Mais, outre la situation délicate où l'avocat général de cette Cour pourrait se trouver si la Commission décidait de vous saisir au titre de cet article après ses conclusions et avant que vous ne statuiez, cette façon de procéder ne correspond pas à la mission que les auteurs du traité ont entendu conférer à la Commission en lui impartissant de «veiller à l'application des dispositions du présent traité ainsi que des dispositions prises par les institutions en vertu de celui-ci» (article 155,
deuxième alinéa).

Si la procédure de l'article 177 constitue bien une voie de droit autonome par laquelle les particuliers peuvent obtenir directement la sauvegarde des droits qu'ils tiennent des dispositions du traité, il y a une confusion inadmissible entre cette voie de droit et le recours en manquement lorsque la procédure de l'article 169 a été entamée avant les faits ayant donné lieu à la demande préjudicielle.

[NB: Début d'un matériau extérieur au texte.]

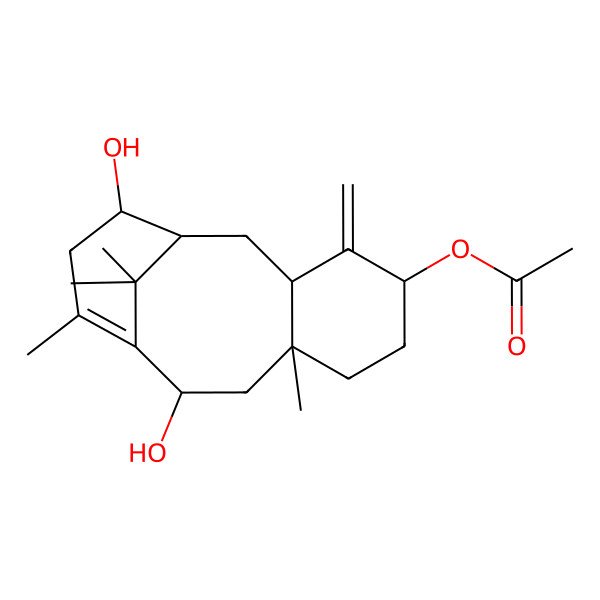 2D Structure of 10beta,14beta-Dihydroxytaxa-4(20),11-dien-5alpha-yl acetate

Il est opportun de rappeler ici les réflexions que cette procédure de renvoi préjudiciel inspirait, dès le 2 décembre 1964, à M. l'avocat général Gand dans ses conclusions sous l'affaire Albatros (Recueil p. 14). Faisant écho à M. l'avocat général Lagrange, il rappelait, «d'une part, la difficulté de tracer la frontière entre l'interprétation et l'application du traité, qui est en même temps celle de la compétence respective de la juridiction communautaire et des juridictions nationales
qu'aucun juge n'a reçu mission de fixer en cas de conflit». «Faut-il, d'autre part,» se demandait-il, «pousser jusqu'à ses dernières conséquences le principe suivant lequel la Cour n'a pas à apprécier les considérations sur lesquelles le juge national a fondé le renvoi pour décision préjudicielle, même si la question est manifestement sans rapport avec le litige au principal? La Cour devra-t-elle cependant donner, dans ce cas, une interprétation abstraite, doctrinale, sans lien avec la
solution d'un litige, mais qui n'en sera pas moins susceptible d'être invoquée à d'autres fins et de créer des conflits avec les juridictions ou les autorités nationales? Peut-être aurez-vous un jour à fixer une limite à ce qui apparaîtrait comme un abus de procédure».

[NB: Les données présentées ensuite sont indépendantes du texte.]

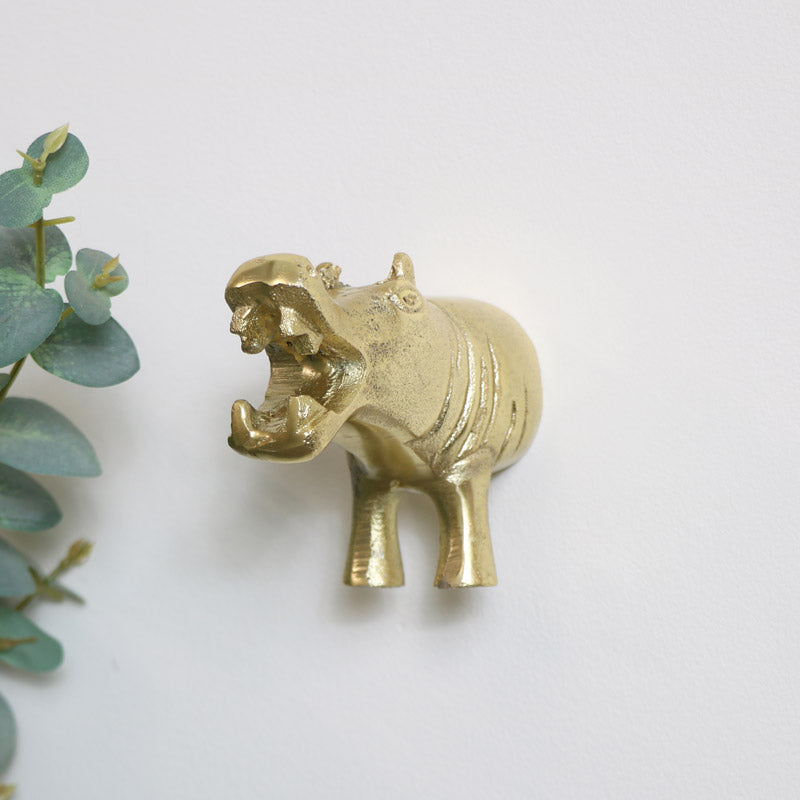 Gold Hippo Wall Hook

Par une toute récente jurisprudence (arrêt Foglia du 11 mars 1980, sur conclusions conformes de M. le premier avocat général Warner), vous venez d'apporter une première limite à de tels abus.

S'il est bien exact, comme le relève l'ordonnance du pretore, qu'il appartient à la Cour de justice de «vérifier la compatibilité du système italien avec la réglementation communautaire», la procédure de l'article 177 est inadéquate et inappropriée en vue de «faire constater par la Cour de justice l'illégalité éventuelle du droit fiscal spécial appliqué en Italie sur les alcools à dénaturer», pour reprendre les termes de cette ordonnance.

Seules la partie demanderesse au principal et la Commission ont produit des observations écrites. La société défenderesse s'est abstenue de prendre position.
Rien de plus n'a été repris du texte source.